----- Task material
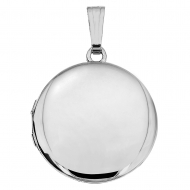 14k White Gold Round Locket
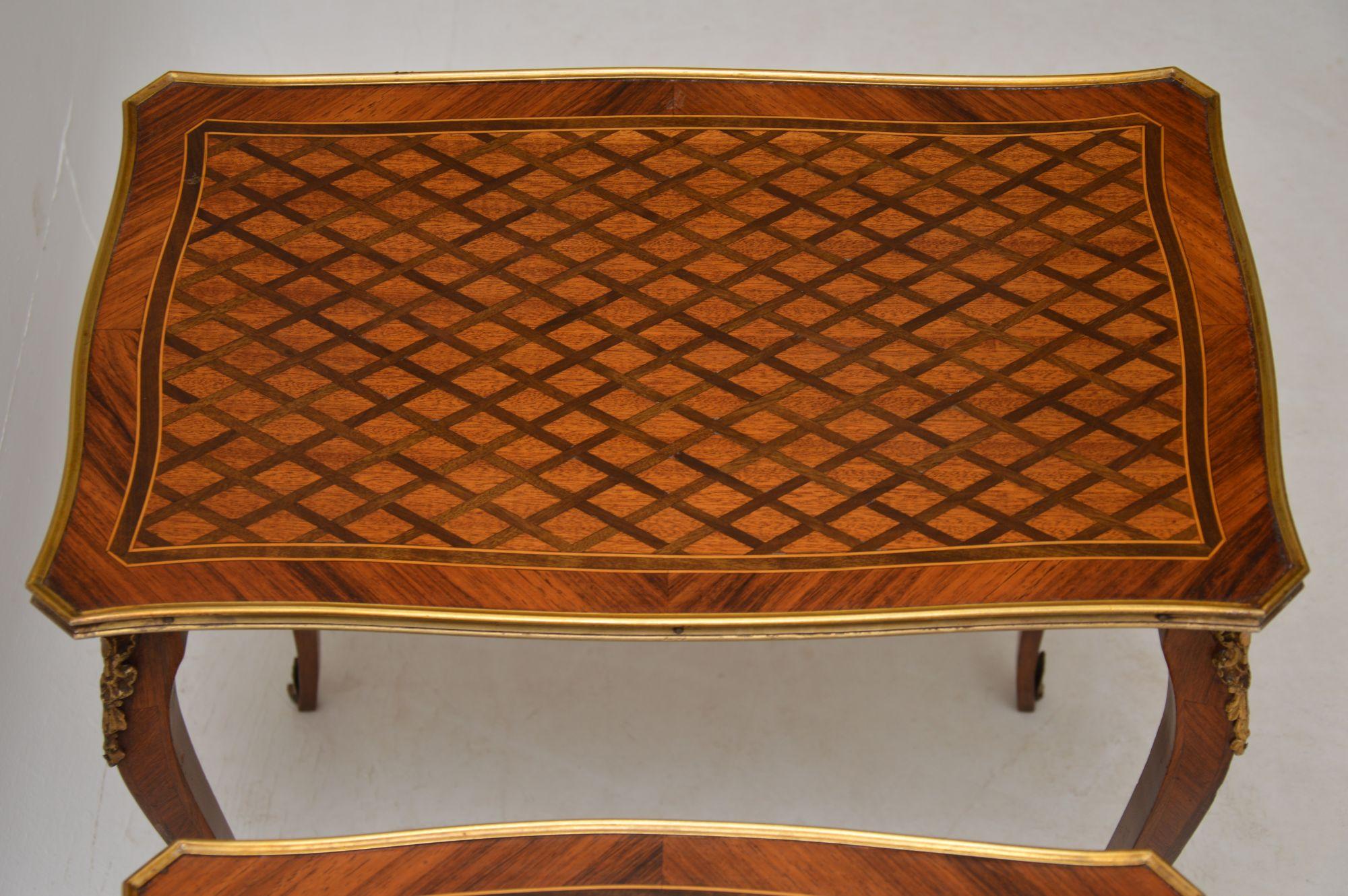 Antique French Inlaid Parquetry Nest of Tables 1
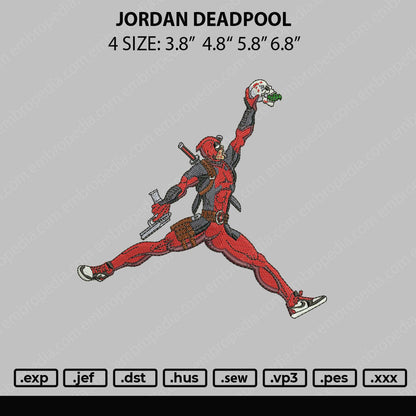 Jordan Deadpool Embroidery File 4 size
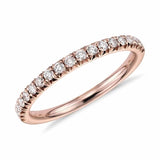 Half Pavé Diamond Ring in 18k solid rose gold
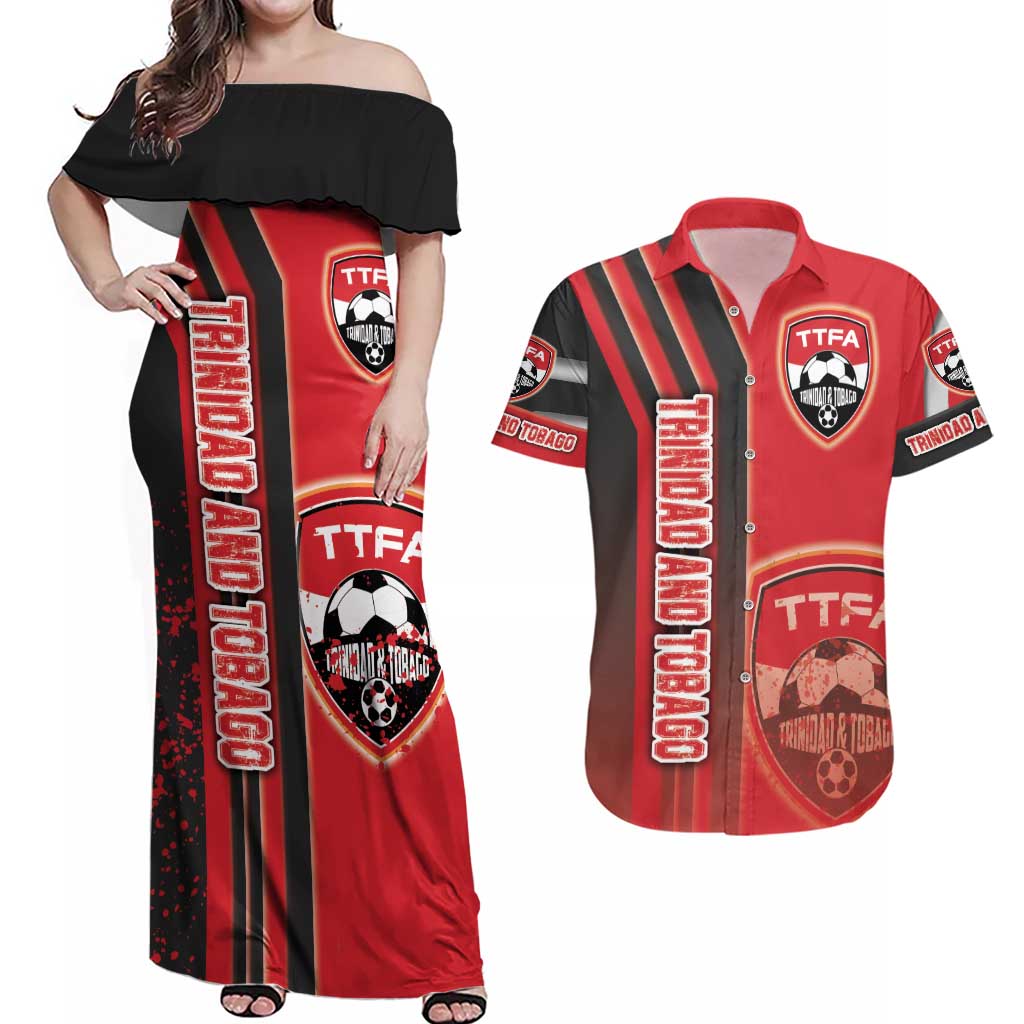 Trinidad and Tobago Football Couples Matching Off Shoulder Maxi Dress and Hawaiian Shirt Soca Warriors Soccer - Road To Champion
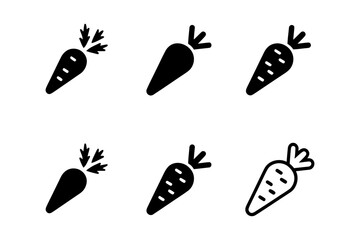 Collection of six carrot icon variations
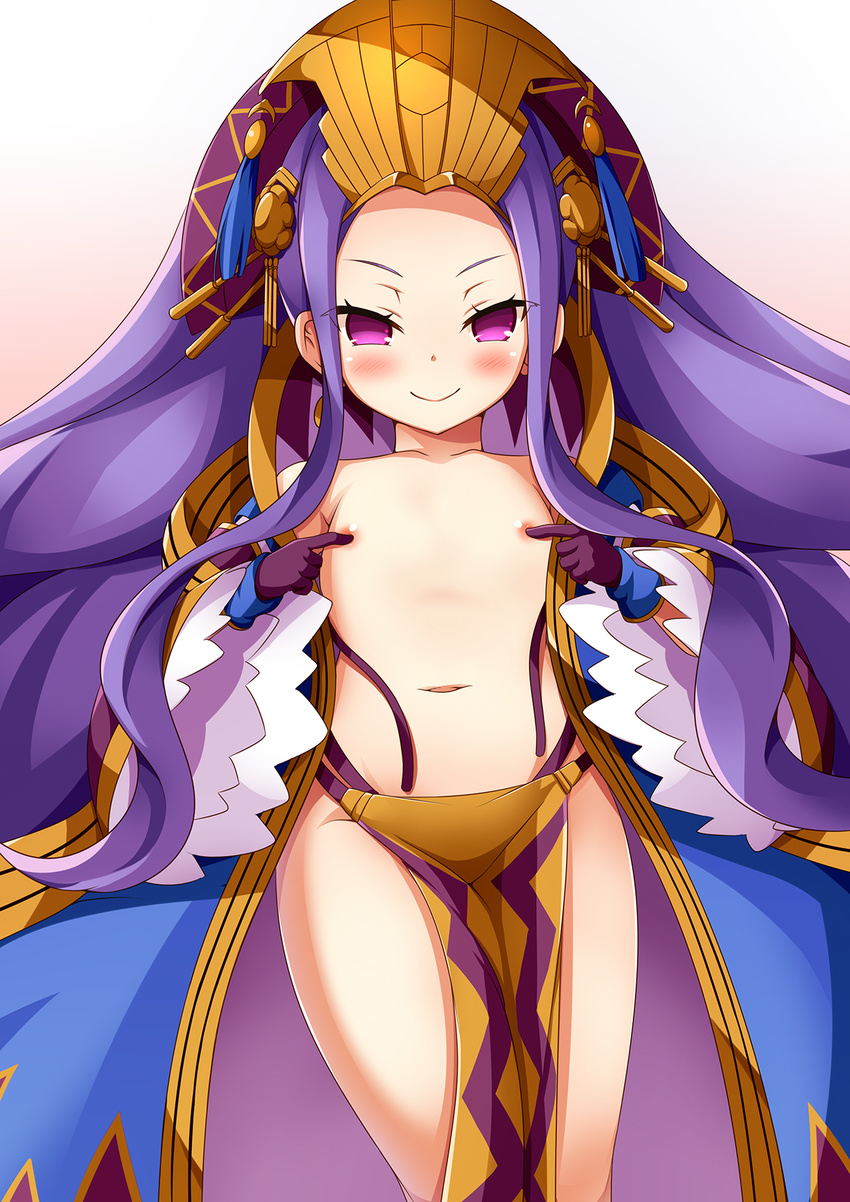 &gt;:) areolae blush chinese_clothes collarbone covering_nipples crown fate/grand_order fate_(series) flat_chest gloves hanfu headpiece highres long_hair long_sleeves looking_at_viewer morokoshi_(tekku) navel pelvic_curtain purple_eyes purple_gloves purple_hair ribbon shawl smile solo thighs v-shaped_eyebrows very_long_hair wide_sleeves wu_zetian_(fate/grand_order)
----------
> [Work order] From the records above, output only the lines starting at the one containing "Antique French Inlaid" and ending at the one containing "Collection of six carrot icon variations", word for word. Pictures stay out.

> [Answer box]
 Antique French Inlaid Parquetry Nest of Tables 1
 Jordan Deadpool Embroidery File 4 size
 Half Pavé Diamond Ring in 18k solid rose gold
 Trinidad and Tobago Football Couples Matching Off Shoulder Maxi Dress and Hawaiian Shirt Soca Warriors Soccer - Road To Champion
 Collection of six carrot icon variations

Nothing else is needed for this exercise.